The Company is not required to comply with the UK Corporate Governance Code or the Corporate Governance Code for Small and Mid-Sized Quoted Companies 2013, as published by the Quoted Companies Alliance.
However, the Directors recognise the importance of sound corporate governance and the Board intends, so far as is practicable for a company of its size, to implement certain corporate governance recommendations.
The Board of SolGold plc is made up of one Executive Directors and three Non-Executive Directors. Brian Moller chairs the Board and Nicholas Mather is an Executive Director. It is the Board’s policy to maintain independence by having at least half of the Board comprising non-executive Directors who are free from any major business or other relationship with the Company. The structure of the Board is designed to ensure that no one individual or group is able to dominate the decision making process.
The Board ordinarily meets on a monthly basis providing effective leadership and overall control and direction of the Company’s affairs through the schedule of matters reserved for its decision.
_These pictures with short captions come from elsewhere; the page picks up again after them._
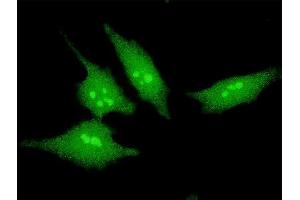 Immunofluorescence of monoclonal antibody to SCAND2 on HeLa cell. (SCAND2 Antikörper  (AA 1-62))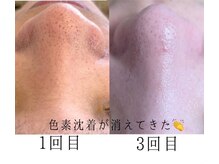 ネムレル森(Nemureru森)の雰囲気（お肌への負担が少ないのに効果を実感いただけております♪）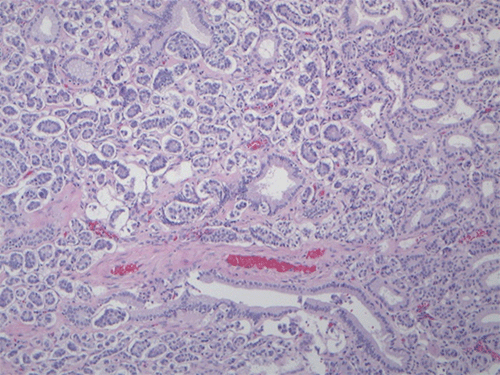 Hematoxylin and eosin (H&E) staining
This includes the approval of the budget and business plan, major capital expenditure, acquisitions and disposals, risk management policies and the approval of the financial statements.Formal agendas, papers and reports are sent to the directors in a timely manner, prior to Board meetings.The Board also receives summary financial and operational reports before each Board meeting. The Board delegates certain of its responsibilities to management, who have clearly defined terms of reference.
All directors have access to the advice and services of the Company Secretary, who is responsible for ensuring that all Board procedures are followed. Any Director may take independent professional advice at the Company’s expense in the furtherance of his duties.
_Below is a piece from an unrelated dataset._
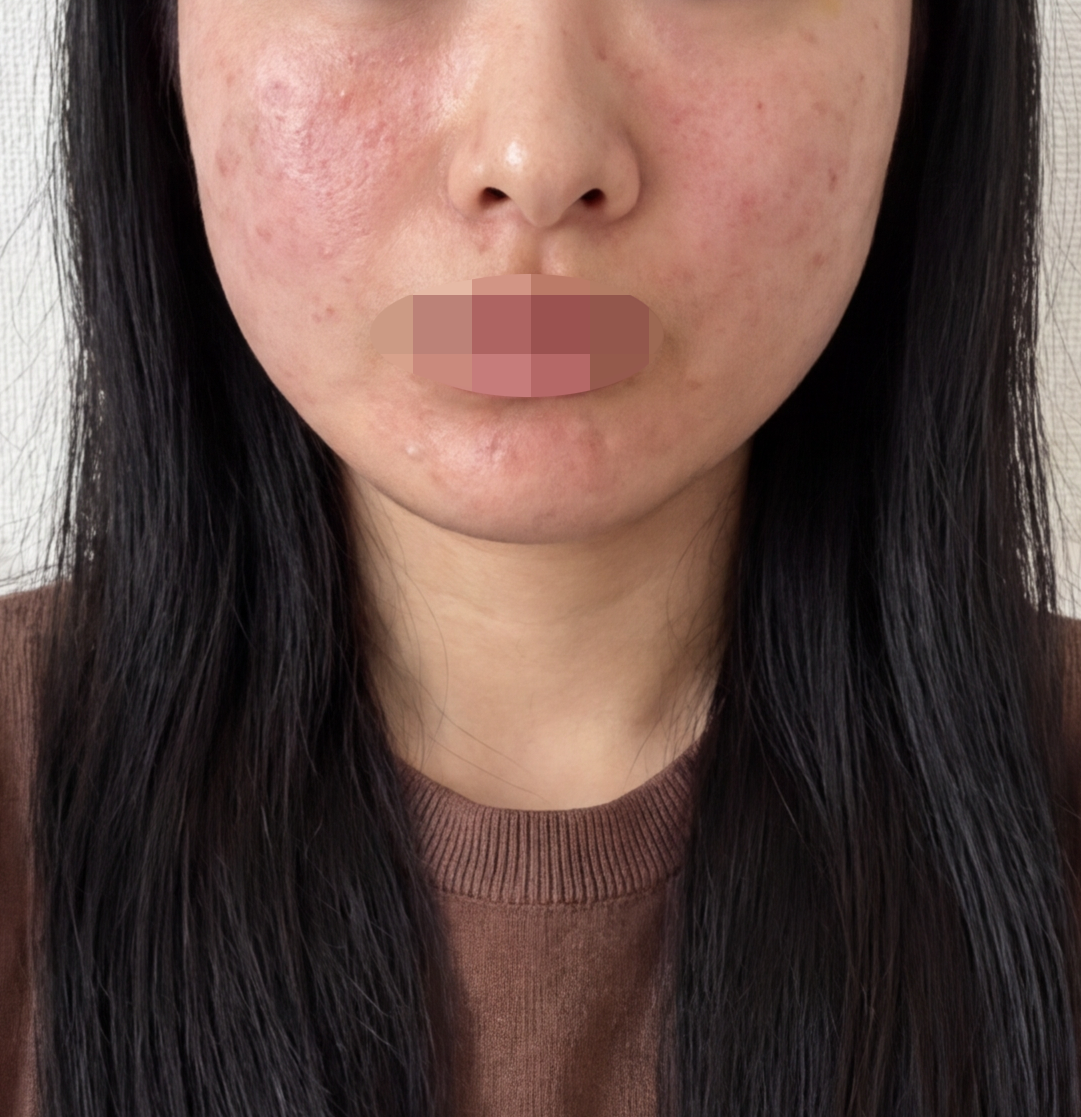 수술후기이미지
One third of the Directors retire from office at every Annual General Meeting of the Company. In general, those Directors who have held office the longest time since their election are required to retire. A retiring Director may be re-elected and a Director appointed by the Board may also be elected, though in the latter case the Director’s period of prior appointment by the Board will not be taken into account for the purposes of rotation.
Audit and Risk Management Committee
The Audit and Risk Management Committee, meets not less than twice a year and is responsible for ensuring that the financial performance, position and prospects of the Group are properly monitored as well as liaising with the Company's auditors to discuss accounts and the Group's internal controls.
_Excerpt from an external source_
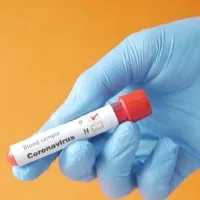 Omicron variant doesnt escape RT PCR and RAT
The members of the Audit and Risk Management Committee are Brian Moller (as Chair), John Bovard and Robert Weinberg. The Executive Directors attend meetings by invitation, if appropriate.
The Remuneration Committee meets at least once a year and is responsible for making decisions on directors.
Remuneration of any Executive Directors is established by reference to the remuneration of Executives of equivalent status both in terms of the level of responsibility of the position and by reference to their job qualifications and skills. The Remuneration Committee will also have regard to the terms which may be required to attract an executive of equivalent experience to join the Board from another company. Such packages include performance related bonuses and the grant of share options.
The members of the Remuneration Committee are John Bovard (as Chair), Nick Mather and Brian Moller.
Health, Safety, Environment and Community Committee (HSEC Committee)
The HSEC Committee is responsible for the overall health, safety and environmental performance of the Company and its operations and its relationship with the local community. The full Board of the Company currently fulfils this role.